Thanks for the reply @Uqbarian

I was asking about social recognition.

As far as I can tell, the act of marriage is supposed to determine the children born between the man and the woman as being the man's children, thus line of succession is legit. (Yes, the logic has gaping holes in it... but here we are.)

King Arthur Pendragon assumes a healthy Pagan culture living alongside the dominant Christian culture (which I'm all for!) But the Pagan culture also celebrates lust, fertility rituals, polyamorous relationships and so on. So things like marriage/first born son/legitimate line of succession and so on get somewhat tricky.

And look, I know I can come up with something. I'm simply polling how others handle it.

Thanks.

Oh!
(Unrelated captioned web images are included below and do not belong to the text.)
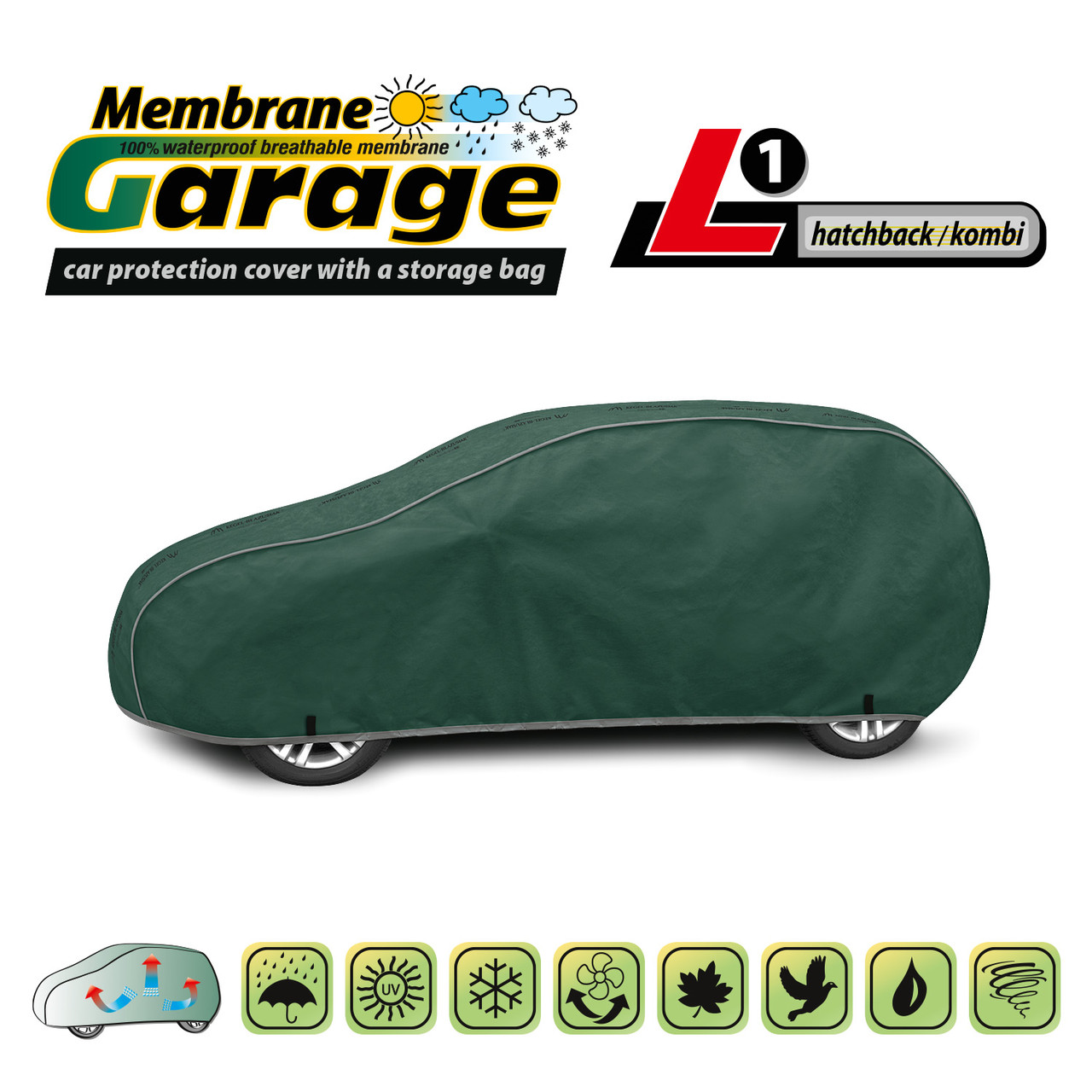 Чохол тент для автомобіля Membrane Garage розмір L1 Hatchback Combi ОРИГІНАЛ! ОФІЦІЙНА ГАРАНТІЯ!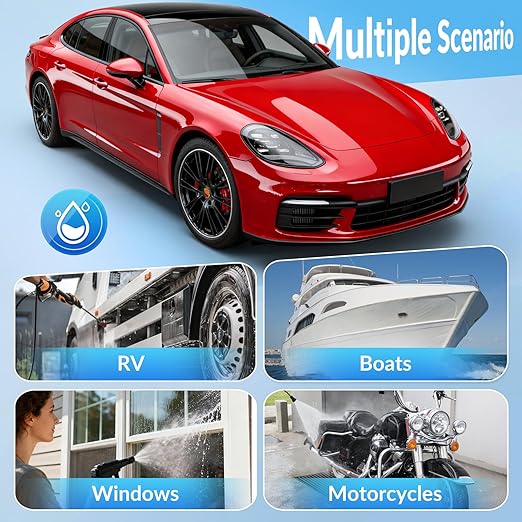 Spotless Water System for Car Wash with Bypass Switch, Deionized Water System for Car Wash with Resin, Spot Free Water Deionizer for Car Washing, Works for Vehicles, RV, Boats, Motorcycles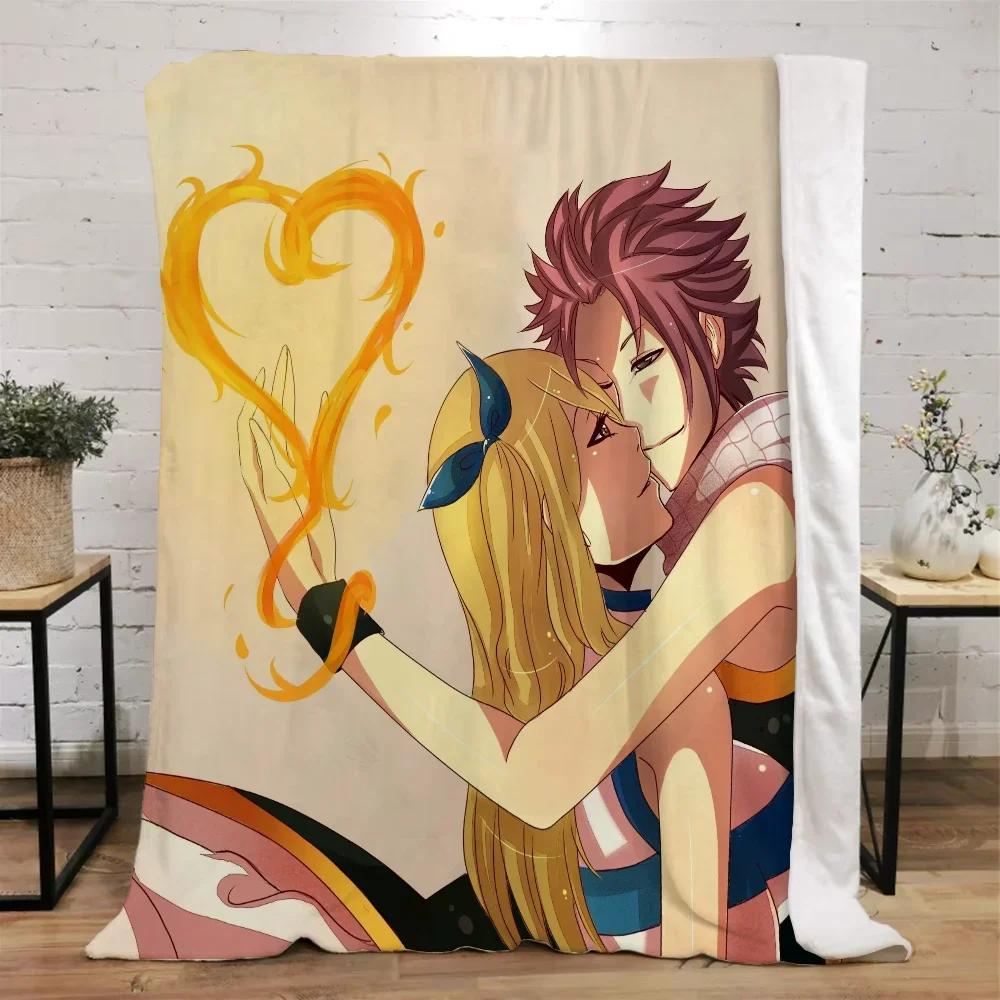 Fairy Tail Coral Warm Blankets for Cold Home and Decoration Winter Blanket Bed Microfiber Bedding Beach Towel Fluffy Plaid Throw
Yeah, I'd just ignore polygamy (at least in Logres, Cornwall and Northumbria). I'm not sure Celtic polygamy would work without partitive inheritance anyway, and the latter is clearly not assumed in KAP.

I can't find a link, but I remember reading a paper suggesting that polygamy was already less common among Britons in the Roman period than it was among the Gauls, and that the practice declined over time. Even if that's not historically accurate, we can easily suppose that it's true in the fictional history -- the Cymric elite assimilated to Roman customs (and the retrojected English medieval ones) enough that elite British pagans in Logres are practising monogamy, primogeniture and all the rest of it, just with slightly different rituals from their Christian comrades.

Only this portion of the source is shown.